U.N. says 5,000 a month dying in worsening Syria war

A general view of Al Zibdeh and Jisr Al-Haj, controlled by Free Syrian Army fighters, in Aleppo June 29, 2013. (Reuters)
AFP, United States
 
Five thousand people a month are dying in the Syria war which has now thrown up the worst refugee crisis since the 1994 Rwandan genocide, U.N. officials said Tuesday.

A host of top officials called on the divided U.N. Security Council to take stronger action to deal with the fallout from the 26 month old civil war in which the United Nations says up to 100,000 people have died.

“The extremely high rate of killings nowadays -- approximately 5,000 a month -- demonstrates the drastic deterioration of the conflict,” U.N. assistant secretary general for human rights Ivan Simonovic told a council meeting on Syria.

Nearly 1.8 million people are now registered with the United Nations in countries around Syria and an average of 6,000 people a day are now fleeing, U.N. High Commissioner for Refugees Antonio Guterres added.
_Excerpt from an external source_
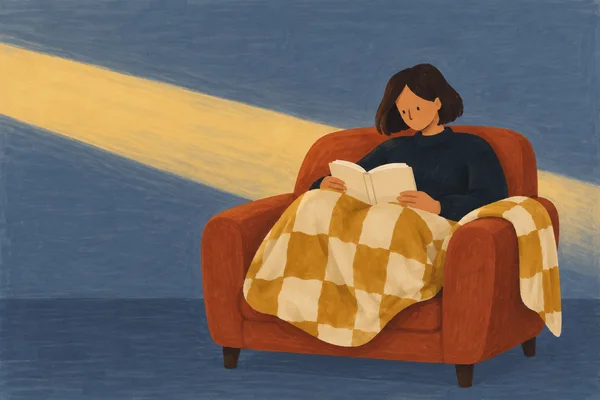 A woman with a dark bob sits curled in a rust-coloured armchair, holding an open blank book beneath a mustard-and-cream checked blanket.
“We have not seen a refugee outflow escalate at such a frightening rate since the Rwandan genocide almost 20 years ago,” Guterres said.

“This crisis has been going on for much longer than anyone feared with unbearable humanitarian consequences,” he added.

U.N. humanitarian chief Valerie Amos said the international community may have to consider cross border operations to get aid into Syria.

Syria's U.N. ambassador Bashar Jaafari disputed the U.N. death toll figures as “unprofessionally sourced.”